The SN dysfunction hypothesis is a neurocognitive model based on a systematic approach that combines findings in the field of neuroanatomy, neurophysiology, and psychology. This hypothesis is based on a model that has successfully described the confluent relations of multiple neural circuits by analyzing the networks between brain regions by using recently developed functional MRI analytical methods. These neural circuits encode the saliency of sensory experiences predominantly associated with the AI, and exclusively control both the DMN, which is associated with self-awareness, and the ECN, which is associated with cognitive processing (see Figure 1). One proposal introduced by Uddin and Menon (2009) describes the SN (particularly the AI) as dysfunctional in ASD and dysregulated in specific cognitive processes that enable adaptation to a social context. Moreover, the AI has many functional roles for multimodal sensory processing, emotional cognition, and social cognition, among others. Thus, the SN dysfunction in ASD might be associated with abnormal sensory processing and may secondarily induce atypical cognitive processes, including social cognition. There is a strong expectation that the SN dysfunction hypothesis may become an important pathophysiological hypothesis in ASD. In this section, we take a closer look at the proposal provided by Uddin and Menon (2009) and present supportive evidence from multiple perspectives.
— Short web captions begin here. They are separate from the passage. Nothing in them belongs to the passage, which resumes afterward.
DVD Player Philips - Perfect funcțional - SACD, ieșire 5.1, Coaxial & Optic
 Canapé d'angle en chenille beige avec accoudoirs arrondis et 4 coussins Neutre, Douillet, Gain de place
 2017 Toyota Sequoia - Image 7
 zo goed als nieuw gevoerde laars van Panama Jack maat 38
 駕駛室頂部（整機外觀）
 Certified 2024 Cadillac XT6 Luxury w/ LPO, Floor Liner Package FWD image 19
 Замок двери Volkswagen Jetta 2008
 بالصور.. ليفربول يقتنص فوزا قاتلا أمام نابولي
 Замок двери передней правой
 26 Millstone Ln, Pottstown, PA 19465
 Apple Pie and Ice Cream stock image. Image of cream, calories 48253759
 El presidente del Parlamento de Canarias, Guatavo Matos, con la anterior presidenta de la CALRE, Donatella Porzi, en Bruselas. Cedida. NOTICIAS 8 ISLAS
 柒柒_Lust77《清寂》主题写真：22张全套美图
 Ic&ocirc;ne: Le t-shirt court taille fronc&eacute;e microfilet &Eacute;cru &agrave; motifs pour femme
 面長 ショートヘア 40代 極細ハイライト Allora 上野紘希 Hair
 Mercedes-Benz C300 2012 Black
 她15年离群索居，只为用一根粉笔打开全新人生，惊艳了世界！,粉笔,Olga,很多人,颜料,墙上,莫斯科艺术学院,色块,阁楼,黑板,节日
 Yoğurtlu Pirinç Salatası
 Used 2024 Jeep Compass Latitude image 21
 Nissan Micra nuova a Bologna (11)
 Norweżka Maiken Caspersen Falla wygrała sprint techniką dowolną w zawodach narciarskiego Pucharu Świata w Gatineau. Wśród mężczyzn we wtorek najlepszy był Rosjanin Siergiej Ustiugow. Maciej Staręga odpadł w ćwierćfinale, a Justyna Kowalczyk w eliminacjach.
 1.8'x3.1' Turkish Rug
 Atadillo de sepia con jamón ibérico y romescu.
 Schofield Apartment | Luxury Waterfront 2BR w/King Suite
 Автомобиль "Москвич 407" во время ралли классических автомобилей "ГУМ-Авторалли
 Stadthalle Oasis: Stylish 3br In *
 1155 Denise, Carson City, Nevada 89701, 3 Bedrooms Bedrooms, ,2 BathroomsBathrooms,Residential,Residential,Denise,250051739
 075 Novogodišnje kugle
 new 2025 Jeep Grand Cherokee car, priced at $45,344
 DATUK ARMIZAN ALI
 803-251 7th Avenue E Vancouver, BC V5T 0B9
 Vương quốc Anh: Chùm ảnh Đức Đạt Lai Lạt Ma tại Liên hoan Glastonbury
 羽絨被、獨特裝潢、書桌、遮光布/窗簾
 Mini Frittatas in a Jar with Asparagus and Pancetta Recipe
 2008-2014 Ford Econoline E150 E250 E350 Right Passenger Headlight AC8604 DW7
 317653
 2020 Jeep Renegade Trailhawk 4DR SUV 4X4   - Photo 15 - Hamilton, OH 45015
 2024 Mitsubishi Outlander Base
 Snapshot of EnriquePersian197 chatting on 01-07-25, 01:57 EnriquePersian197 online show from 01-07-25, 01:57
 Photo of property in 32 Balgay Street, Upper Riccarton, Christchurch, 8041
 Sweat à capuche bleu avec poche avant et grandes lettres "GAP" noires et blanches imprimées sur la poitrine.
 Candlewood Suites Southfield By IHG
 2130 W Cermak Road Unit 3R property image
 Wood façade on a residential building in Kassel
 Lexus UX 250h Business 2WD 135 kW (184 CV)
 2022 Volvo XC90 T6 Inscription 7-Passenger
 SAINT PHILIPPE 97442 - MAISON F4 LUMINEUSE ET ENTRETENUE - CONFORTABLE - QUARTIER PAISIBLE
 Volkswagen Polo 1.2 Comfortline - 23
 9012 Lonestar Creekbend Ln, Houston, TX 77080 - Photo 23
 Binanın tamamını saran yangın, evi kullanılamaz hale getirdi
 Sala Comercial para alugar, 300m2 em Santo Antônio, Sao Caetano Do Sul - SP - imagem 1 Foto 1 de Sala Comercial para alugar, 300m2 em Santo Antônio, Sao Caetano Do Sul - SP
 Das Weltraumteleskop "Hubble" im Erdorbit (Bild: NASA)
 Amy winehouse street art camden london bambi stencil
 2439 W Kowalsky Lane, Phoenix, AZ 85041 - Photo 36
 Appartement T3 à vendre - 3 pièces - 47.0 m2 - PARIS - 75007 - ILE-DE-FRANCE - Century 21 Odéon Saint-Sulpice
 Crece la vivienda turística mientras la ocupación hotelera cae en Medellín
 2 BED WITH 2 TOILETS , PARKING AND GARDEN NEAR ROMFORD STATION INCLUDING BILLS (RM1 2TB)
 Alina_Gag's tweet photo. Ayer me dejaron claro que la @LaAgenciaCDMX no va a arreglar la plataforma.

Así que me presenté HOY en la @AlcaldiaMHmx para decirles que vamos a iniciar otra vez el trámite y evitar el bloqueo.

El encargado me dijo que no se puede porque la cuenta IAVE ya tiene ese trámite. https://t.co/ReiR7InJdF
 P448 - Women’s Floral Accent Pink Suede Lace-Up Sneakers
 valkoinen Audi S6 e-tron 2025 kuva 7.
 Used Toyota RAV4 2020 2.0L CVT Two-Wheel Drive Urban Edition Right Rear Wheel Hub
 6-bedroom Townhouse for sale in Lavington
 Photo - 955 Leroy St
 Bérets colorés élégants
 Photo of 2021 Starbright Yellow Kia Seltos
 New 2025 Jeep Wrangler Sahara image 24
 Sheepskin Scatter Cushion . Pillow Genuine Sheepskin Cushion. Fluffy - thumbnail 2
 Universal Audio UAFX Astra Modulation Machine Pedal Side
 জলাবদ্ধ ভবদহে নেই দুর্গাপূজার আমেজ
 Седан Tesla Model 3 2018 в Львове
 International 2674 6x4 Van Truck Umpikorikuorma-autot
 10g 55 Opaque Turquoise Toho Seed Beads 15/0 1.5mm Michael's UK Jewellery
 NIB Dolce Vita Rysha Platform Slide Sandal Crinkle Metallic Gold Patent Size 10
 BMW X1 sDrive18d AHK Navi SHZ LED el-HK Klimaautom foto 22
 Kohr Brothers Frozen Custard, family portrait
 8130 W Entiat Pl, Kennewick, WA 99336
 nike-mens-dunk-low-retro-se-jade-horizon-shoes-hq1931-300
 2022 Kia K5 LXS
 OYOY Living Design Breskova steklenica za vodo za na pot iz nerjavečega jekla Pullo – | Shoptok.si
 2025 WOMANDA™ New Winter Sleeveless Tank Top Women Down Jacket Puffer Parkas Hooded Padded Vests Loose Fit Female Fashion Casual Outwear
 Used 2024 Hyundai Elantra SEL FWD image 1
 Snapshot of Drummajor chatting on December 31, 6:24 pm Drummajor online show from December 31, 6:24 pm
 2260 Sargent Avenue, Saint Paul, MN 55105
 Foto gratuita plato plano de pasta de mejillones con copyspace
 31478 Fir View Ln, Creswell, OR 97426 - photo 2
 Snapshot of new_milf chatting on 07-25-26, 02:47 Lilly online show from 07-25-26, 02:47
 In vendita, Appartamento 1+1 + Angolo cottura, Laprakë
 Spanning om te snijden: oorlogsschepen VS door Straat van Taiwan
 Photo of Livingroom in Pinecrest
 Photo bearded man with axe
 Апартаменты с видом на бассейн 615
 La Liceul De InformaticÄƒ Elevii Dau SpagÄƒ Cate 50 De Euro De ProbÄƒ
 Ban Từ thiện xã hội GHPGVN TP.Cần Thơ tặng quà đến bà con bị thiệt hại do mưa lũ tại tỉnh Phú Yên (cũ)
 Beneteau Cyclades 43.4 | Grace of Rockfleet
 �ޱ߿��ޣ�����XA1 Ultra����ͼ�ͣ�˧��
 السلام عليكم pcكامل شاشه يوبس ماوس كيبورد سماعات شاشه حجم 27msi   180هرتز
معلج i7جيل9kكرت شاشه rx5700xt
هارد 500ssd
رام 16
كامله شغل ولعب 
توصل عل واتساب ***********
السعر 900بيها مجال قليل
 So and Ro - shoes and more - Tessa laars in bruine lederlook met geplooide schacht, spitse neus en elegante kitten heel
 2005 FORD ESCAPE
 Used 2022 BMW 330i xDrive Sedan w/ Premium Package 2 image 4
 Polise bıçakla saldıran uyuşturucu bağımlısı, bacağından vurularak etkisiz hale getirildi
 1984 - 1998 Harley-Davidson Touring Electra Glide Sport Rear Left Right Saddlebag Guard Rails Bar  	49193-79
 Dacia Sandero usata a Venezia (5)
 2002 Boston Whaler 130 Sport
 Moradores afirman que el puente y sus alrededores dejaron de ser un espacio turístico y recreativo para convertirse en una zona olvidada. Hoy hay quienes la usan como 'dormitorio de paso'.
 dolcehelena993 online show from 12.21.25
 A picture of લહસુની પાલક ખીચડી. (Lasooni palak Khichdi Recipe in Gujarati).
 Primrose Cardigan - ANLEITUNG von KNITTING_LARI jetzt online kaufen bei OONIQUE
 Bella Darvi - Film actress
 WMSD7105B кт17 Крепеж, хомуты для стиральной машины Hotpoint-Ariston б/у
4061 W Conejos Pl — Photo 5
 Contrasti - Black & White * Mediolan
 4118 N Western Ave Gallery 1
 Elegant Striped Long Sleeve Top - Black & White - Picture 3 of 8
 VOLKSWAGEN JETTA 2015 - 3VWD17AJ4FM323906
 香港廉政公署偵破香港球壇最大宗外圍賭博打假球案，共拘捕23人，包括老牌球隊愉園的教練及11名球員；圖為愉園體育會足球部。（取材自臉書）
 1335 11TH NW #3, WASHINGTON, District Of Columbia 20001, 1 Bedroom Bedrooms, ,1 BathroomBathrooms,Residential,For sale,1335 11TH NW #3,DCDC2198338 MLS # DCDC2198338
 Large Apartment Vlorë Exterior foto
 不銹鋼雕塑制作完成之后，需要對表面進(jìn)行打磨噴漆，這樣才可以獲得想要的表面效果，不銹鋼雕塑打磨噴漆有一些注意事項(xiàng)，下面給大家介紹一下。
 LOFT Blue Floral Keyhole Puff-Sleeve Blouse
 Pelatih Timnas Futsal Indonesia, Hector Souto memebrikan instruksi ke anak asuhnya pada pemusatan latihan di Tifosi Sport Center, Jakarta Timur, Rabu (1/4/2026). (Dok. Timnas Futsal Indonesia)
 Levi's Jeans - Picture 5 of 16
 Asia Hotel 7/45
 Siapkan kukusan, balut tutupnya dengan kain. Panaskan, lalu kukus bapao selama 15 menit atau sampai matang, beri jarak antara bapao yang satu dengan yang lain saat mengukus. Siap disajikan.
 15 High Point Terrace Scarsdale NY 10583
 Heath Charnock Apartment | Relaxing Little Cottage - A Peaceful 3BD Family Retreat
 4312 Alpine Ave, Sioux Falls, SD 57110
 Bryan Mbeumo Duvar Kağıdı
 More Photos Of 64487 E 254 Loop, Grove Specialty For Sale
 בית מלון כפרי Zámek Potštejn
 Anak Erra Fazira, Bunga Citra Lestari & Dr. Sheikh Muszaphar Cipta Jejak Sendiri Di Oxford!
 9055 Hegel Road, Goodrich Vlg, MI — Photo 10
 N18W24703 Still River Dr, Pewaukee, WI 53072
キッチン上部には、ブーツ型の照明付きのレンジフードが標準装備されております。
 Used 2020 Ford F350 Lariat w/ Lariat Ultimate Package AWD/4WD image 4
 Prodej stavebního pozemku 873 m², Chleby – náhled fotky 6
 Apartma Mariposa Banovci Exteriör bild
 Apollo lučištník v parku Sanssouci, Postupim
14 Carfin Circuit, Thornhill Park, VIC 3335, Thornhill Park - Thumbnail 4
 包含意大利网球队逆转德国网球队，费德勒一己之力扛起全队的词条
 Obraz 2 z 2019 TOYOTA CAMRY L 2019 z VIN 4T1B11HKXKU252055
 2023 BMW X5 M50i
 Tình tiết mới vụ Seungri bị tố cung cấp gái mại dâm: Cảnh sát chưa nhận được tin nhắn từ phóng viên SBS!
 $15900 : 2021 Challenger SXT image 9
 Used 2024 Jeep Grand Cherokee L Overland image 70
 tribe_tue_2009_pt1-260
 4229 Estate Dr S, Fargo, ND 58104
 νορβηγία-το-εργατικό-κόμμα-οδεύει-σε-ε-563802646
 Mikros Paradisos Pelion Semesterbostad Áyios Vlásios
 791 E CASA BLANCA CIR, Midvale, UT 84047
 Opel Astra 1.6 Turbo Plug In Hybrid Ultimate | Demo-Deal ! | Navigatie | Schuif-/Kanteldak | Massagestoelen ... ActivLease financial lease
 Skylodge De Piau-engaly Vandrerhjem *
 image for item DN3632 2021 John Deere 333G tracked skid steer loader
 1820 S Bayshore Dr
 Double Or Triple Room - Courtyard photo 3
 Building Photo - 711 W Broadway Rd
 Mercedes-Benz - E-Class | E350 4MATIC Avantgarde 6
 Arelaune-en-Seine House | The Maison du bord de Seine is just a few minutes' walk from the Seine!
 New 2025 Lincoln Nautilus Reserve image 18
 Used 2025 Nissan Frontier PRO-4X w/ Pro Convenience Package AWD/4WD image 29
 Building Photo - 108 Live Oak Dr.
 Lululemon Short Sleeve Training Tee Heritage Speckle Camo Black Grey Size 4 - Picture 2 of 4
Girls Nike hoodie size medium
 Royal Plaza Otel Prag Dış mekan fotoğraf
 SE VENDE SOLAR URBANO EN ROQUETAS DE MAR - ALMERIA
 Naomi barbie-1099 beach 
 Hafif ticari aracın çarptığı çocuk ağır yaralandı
Figure 1. Model of salience network function illustrated in Uddin and Menon (2009): The anterior insula (AI) is part of a salience network that serves to initiate dynamic switches between the default mode network (DMN) and the executive control network (ECN). In our model of AI dysfunction in autism, limbic and sensory inputs are inadequately processed by the AI during social cognition, leading to disruption of the AI's role in coordination of these large-scale brain networks (Uddin & Menon, 2009, p. 1202, Figure 2).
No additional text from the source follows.